1. Polar covalent bond results with an unequal sharing of electrons. A polar bond is a type of covalent bond between two atoms or more in which electrons are shared unequally. Because of this, one end of the molecule has a slight, relative negative charge and the other a slight, relative positive charge. For example: H2O; here hydrogen has a slight positive charge and oxygen has a slight negative charge. They are formed when when two elements bond with a moderate difference in electronegativity moderately to greatly, but they do not surpass 1.7 in electronegativity difference.

2. Ionic bond: In an ionic bond, the atoms are bound together by the attraction between oppositely-charged ions. These kinds of bonds occur mainly between a metallic and a non metallic atom. Here one or more atoms lose electrons and other atoms gain them in order to produce a noble gas electron configuration. These bonds are formed when two atoms have a large difference in electronegativity.
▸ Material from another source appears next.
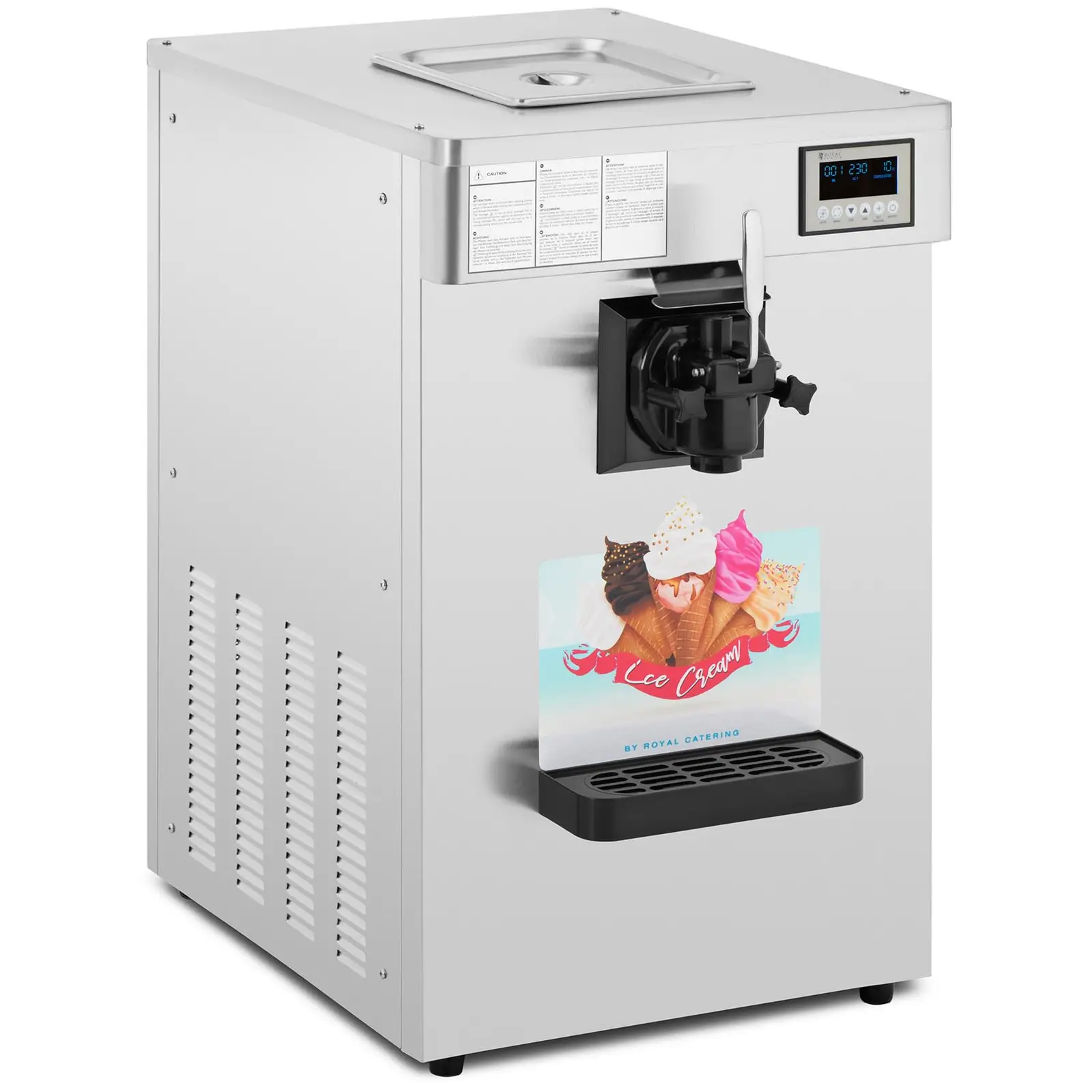 Máquina de helados soft - 1150 W - 18 l/h - 1 sabor - Royal Catering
3. Hydrogen Bond: Hydrogen bonds only form between hydrogen and oxygen (O), nitrogen (N) or fluorine (F). It is a force of attraction between a hydrogen atom in one molecule and a small atom of high electronegativity in another molecule.

There are two types of chemical bonds: Covalent and ionic.

Covalent bonds are further classified as polar and non-polar covalent bonds.

Other types of bonding includes metallic bonding and hydrogen bonding.